Through Bedford’s data gathering processes, researchers have been able to develop successful strategies for monitoring and controlling infectious diseases. By applying these techniques to document the worldwide spread of COVID-19 and of seasonal flu viruses, his research helps forecast which strains of influenza are likely to be most challenging to humans — data that helps inform the crucial early decisions about which strains to include in annual flu vaccines.
“Trevor is a gifted, creative scientist and communicator.
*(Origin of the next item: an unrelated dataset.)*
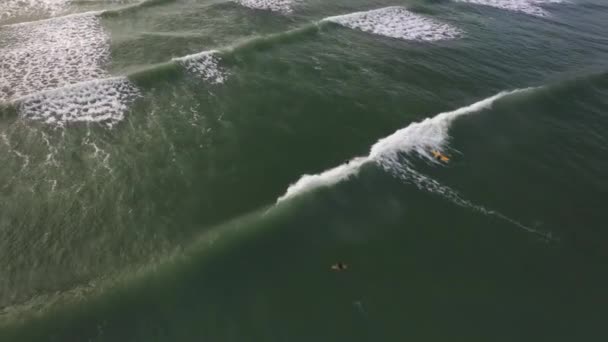 Vista Aérea Del Surfista Montando Olas Playa Tropical — Vídeos de Stock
He has humbly taken center stage as a trusted global leader during the COVID-19 pandemic and as a deep thinker in viral phylodynamics and genomic epidemiology,” said Dr. Julie McElrath, senior vice president and director of the Vaccine and Infectious Disease Division at Fred Hutch and holder of the Joel D. Meyers Endowed Chair. “His commitment to open science, public health and diversity have an impact on our daily lives and on our future preparedness against emerging pathogens.”
'It's been a trying and tragic 20 months for the world, but the scientific response to the pandemic has been unparalleled. I'm proud to have been able to play a role.'
Bedford recently was named a Howard Hughes Medical Institute Investigator, a coveted honor in biomedical research. He received the Open Science Prize in 2017 and the Pew Biomedical Scholar Award in 2016. Bedford is an affiliate associate professor in the Department of Genome Sciences and the Department of Epidemiology at the University of Washington. He received a Ph.D. in Biology from Harvard University and undergraduate degree from the University of Chicago. Bedford shares insights on Twitter as @trvrb.
“I'm inspired by the degree to which colleagues from all over the world have been able to elevate the field of genomic epidemiology to respond to the pandemic and the emergence of variant viruses,” Bedford said. “I look forward to continued global scientific collaboration in the years to come.”